For many years the INC published the bilingual Pasugo for the Philippines and a separate all-English
God's Message International Edition for usage abroad. In January 2004, the administration of the INC
began to publish only one magazine both in the Philippines and abroad bearing the name God's
Message. While predominantly English, the latest version contains a Filipino and Spanish sections. The
magazine consists of letters to the editor, news from locales worldwide, religious poetry, articles relating
to INC beliefs, a telephone directory of locales outside the Philippines and, until recently, featured a
schedule of worship services.
From the beginning, the INC has continuously extended help not only to the well-being of local
townspeople but also to protect the environment through it various humanitarian services.
The INC has outreach programs, such as its "Lingap sa Mamamayan (Filipino: Care for the People)",
offering free medical and dental services, community cleanups and tree planting projects. In California,
Daly City twice declared a week in July as "Iglesia ni Cristo Week" in recognition of the efforts of the INC
members in community service events such as community beautification projects, blood drives, and
food distribution sessions. Coinciding with the 67th anniversary of the local congregation in the
Barangay of Dau, Mabalacat, Pampanga, the INC launched a program called "Vigorous Environmental
Concern for Mankind" which included programs to support the "clean and green" programs of the local
government. The INC conducted Linis Bayan (Filipino: Clean Town) and Lingap sa Mamamayan within
the local area. They also host a website for Iglesia Ni Cristo members to have an update of the Past and
present activities of the Church. The website is also used by members to listen and watch CMV or
Christian Music Videos, the CMV's are composed of Original musics and hymns of Iglesia Ni Cristo
Composed by the INC members themselves.
The website has pictures of past activities of the Church, Blogs, and every member can share the
happenings of their designated locales, and inspirational messages and compositions which is also
sometimes published in the magazine of the Iglesia Ni Cristo which is the PASUGO or God's Message.
There is also an Online Live feed of the channel GEM-TV (Global Expansion Media) on the website.
The Iglesia ni Cristo's architecture is notable for the narrow-pointed spires of its chapels.
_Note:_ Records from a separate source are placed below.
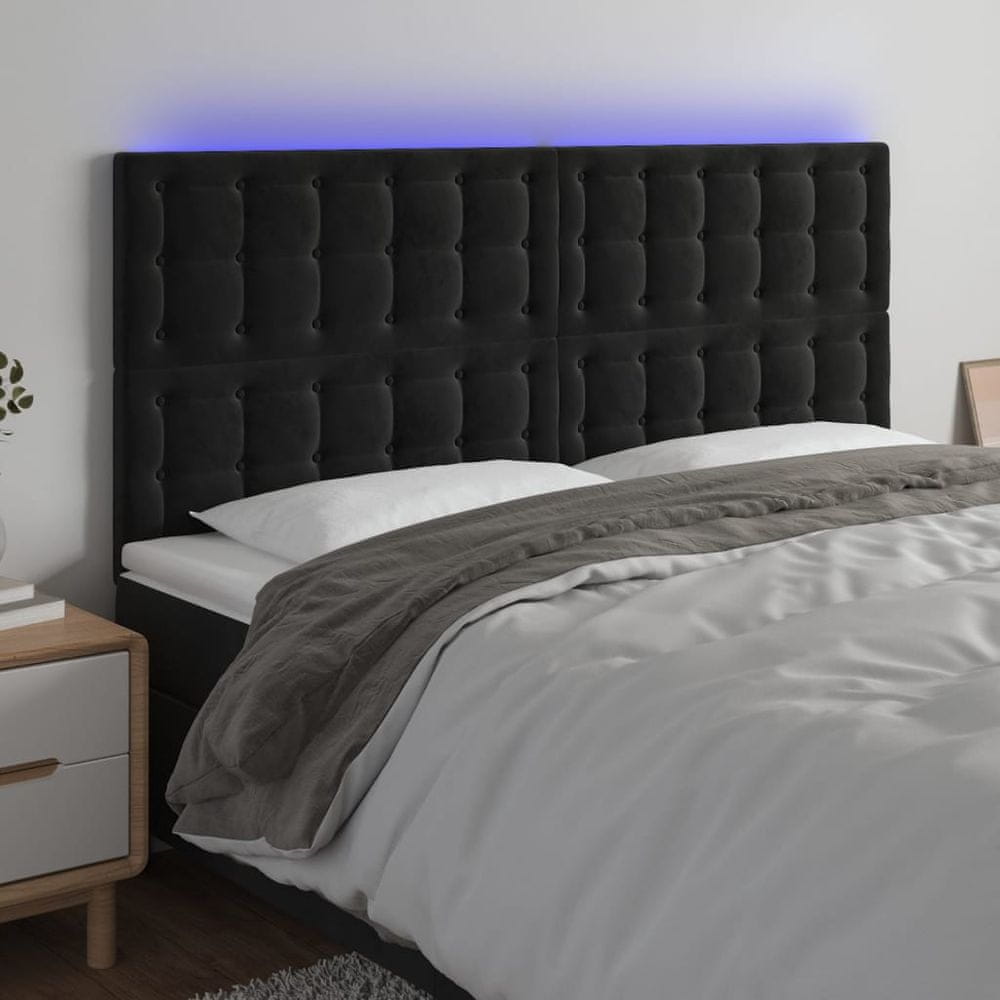 Vidaxl Čelo postele s LED čierne 160x5x118/128 cm zamat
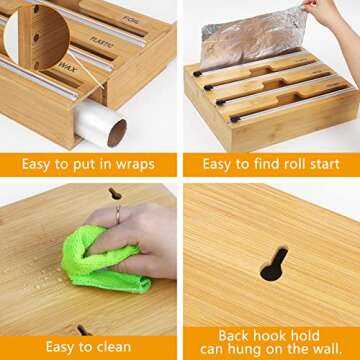 4 in 1 Bamboo Wrap Organizer with Cutter & Labels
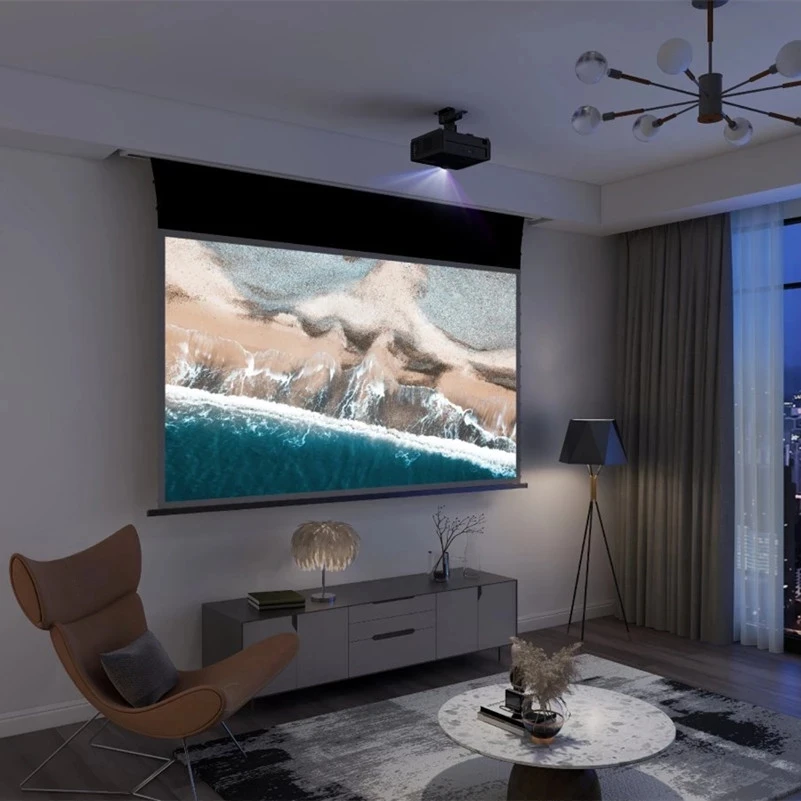 PLUTUSSA 110Inch ALR Projector Electric Tab-Tensioned Drop Down Screen 16:9 For UST Ultra Short Throw Projector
Some
observers describe the style as Gothic, while others see the style as reminiscent of Mormon temples.
The first INC house of worship, made of bamboo and nipa, was built in 1918 in Gabriela, Tondo, Manila.
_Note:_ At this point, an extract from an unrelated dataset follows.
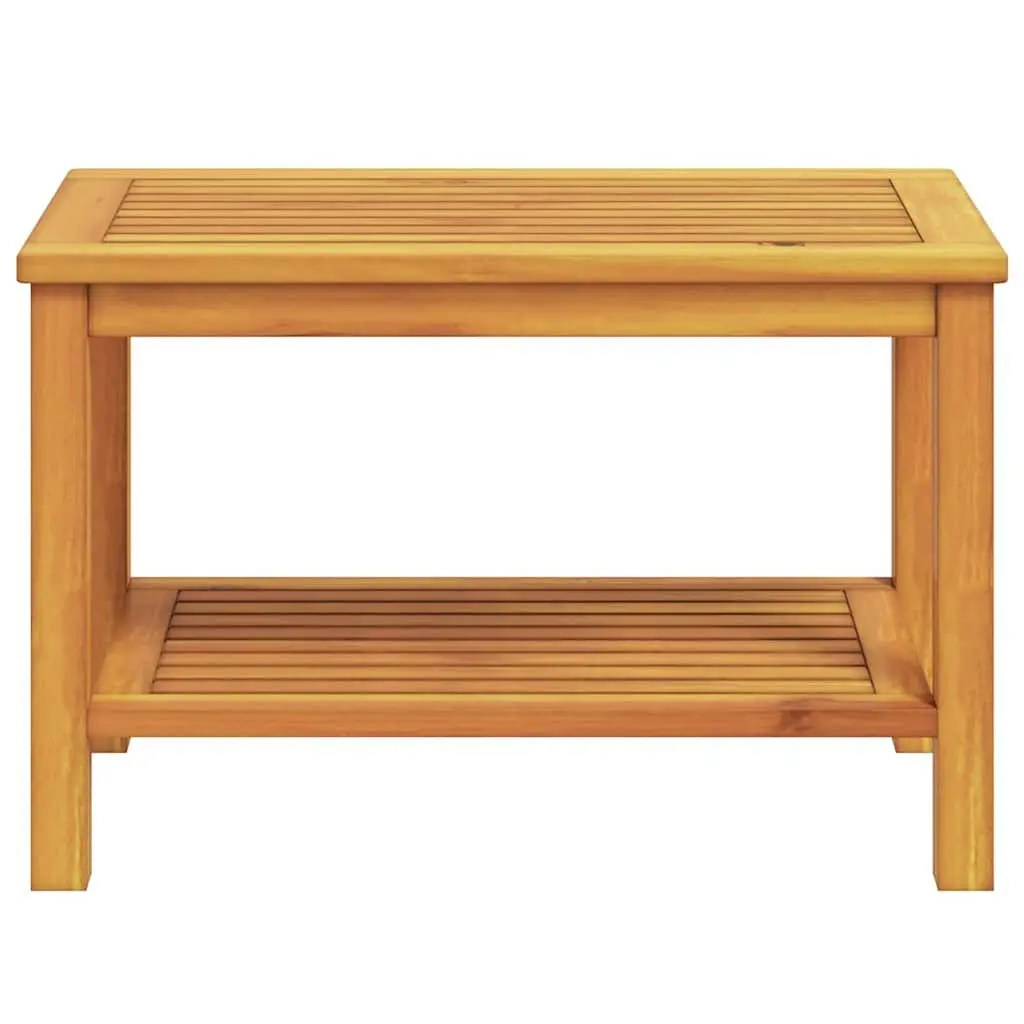Solid Acacia Wood Side Table Rustic Brown Accent Indoor Outdoor 70 x 40 x 45 cm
As the members of the Iglesia Ni Cristo rapidly increases, more chapels are being built for each Locale in
Ever since former Philippine president Manuel L. Quezon created a lasting friendship after asking Felix
Manalo for advice, the INC has been known for its strong political influence. While it strongly maintains
a close "friendship" with incumbent administrations, the INC also sees to it that they do not lose
"discreet connection" with the opposition. The INC reportedly supported Ferdinand E. Marcos until he
was ousted in 1986.
The religious organization practices bloc voting.